Use of Tap Water and Disinfection Practices in Outpatient SettingsA Survey of Otolaryngologists

Author Affiliations

From the Hospital Infections Program, Center for Infectious Diseases, Centers for Disease Control, Public Health Service, US Department of Health and Human Services, Atlanta, Ga. Dr Lowry is now with the Division of Infectious Diseases, Stanford (Calif) School of Medicine.

Arch Otolaryngol Head Neck Surg. 1991;117(8):886-888. doi:10.1001/archotol.1991.01870200080013

• A survey of otolaryngologists belonging to the American Academy of Otolaryngology—Head and Neck Surgery was conducted to estimate the frequency of tap water use during otologic examinations and to assess methods used for disinfection of otologic instruments in outpatient settings.

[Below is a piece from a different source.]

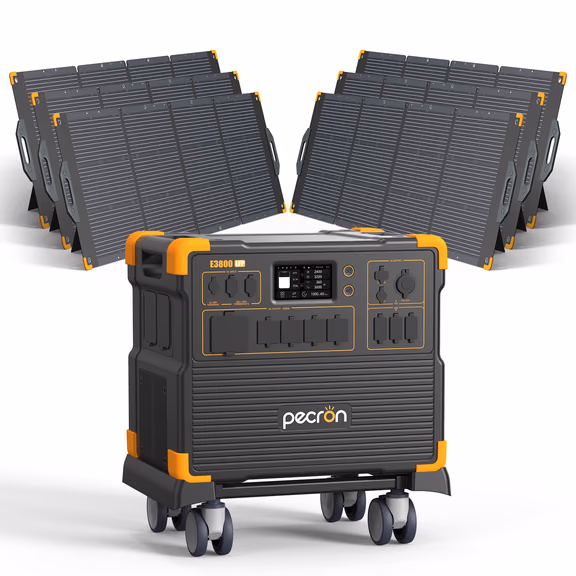 PECRON E3800LFP Portable Power Station 4200W 3840Wh with Free Cart | Ships Mid-Oct – E3800LFP + 6*PV300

Questionnaires were returned by 516 persons residing in 49 states. Tap water was used commonly for rinsing suction tips while suctioning patients even with tympanic membrane perforations (45%). Most respondents (87%) reported that their otologic instruments undergo either high-level disinfection or sterilization between patient examinations; however, only 63% to 67% of respondents reported adequate duration of treatment times (high-level disinfection, ≥30 minutes; boiling, ≥5 minutes; or autoclaving, ≥20 minutes). The risk posed by the use of tap water during otologic examinations and the need for adequate disinfection of otologic instruments between patient examinations are presented.